Is a tourbillon even necessary anymore? With the advent of quartz movements in the 1960s, wristwatches became more accurate than ever before, and today, models are available from a number of manufacturers that can synchronize themselves with government-operated atomic clocks around the world. This allows the timepieces to be far more accurate than a watch with a mechanical movement could ever be, so why would anyone bother to make tourbillon watches? The short answer is, “Because they can.” There’s more to a high end wristwatch than timekeeping, and many models incorporate a lot of features that really aren’t that useful, and that’s particularly true of models known as “super complications.” Part of the art of watchmaking and part of the appeal to collectors is the ability of the maker to incorporate lots of highly complex features into their timepiece. No one really needs a wristwatch that can display the phases of the moon, yet many models offered for sale in the twenty-first century feature those, and others offer equally useless but fascinating features such as displaying the date of Easter, offering a celestial chart, or displaying sidereal time.
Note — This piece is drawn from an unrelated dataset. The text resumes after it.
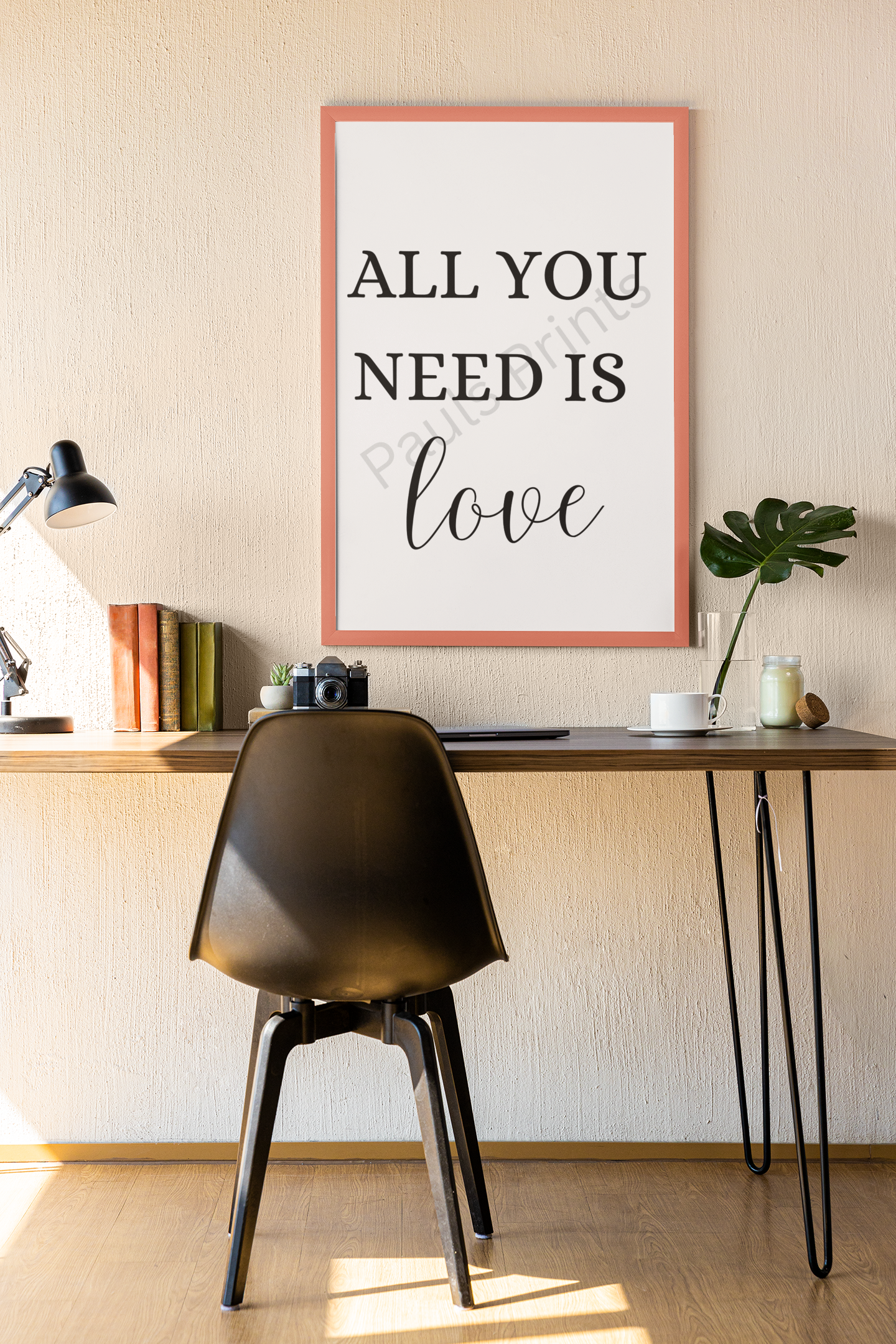 Coral-framed print with the words "All you need is love," hung above a desk with a black chair, books, a plant, and a coffee cup.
These features aren’t included because the makers think they might be of use to the buyer; they’re included because including them makes the watch all the more complex, and watch collectors love overly complex mechanisms.
The problem with tourbillon watches for consumers is that they are complex, they are necessarily included only in watches with mechanical movements, and they are therefore going to be both expensive and limited in production out of necessity. No company is likely to be able to sell thousands of such timepieces annually, and as a result, they remain niche products, often produced in super-limited quantities, if only to remind the public that the company is capable of producing such a timepiece. That’s why Omega regularly produces a watch containing a tourbillon, yet makes so few of them that they’re practically nonexistent. You can see them on their Website, but you’re unlikely to find one for sale and your even less likely to be able to afford to buy one, provided that you can find one.
Companies such as Patek Philippe do produce a number of models that contain a tourbillon, but everything that company makes is limited in production and all of their watches are very expensive. Other companies, such as Cartier, Zenith, IWC and Hublot, only produce one or two models, using them much as Omega does, simply to remind us that they’re capable of producing such a complex device.
The market for tourbillon watches has been upended a bit in recent years, as a few Chinese movements have been produced that contain them, and these have been offered for sale at much lower price points. While watches containing a tourbillon have traditionally sold for upwards of $20,000 and for even as much as $500,000, we have seen models with these Chinese movements for sale for less than $2000. If you buy one, you’ll be getting the real deal, though you’ll likely be buying a brand name with which you’re not overly familiar and you certainly won’t be wearing anything that carries the weight that comes with wearing a Cartier or Patek Philippe on your wrist. Still, even in the twenty-first century, the tourbillon remains a marvel of engineering.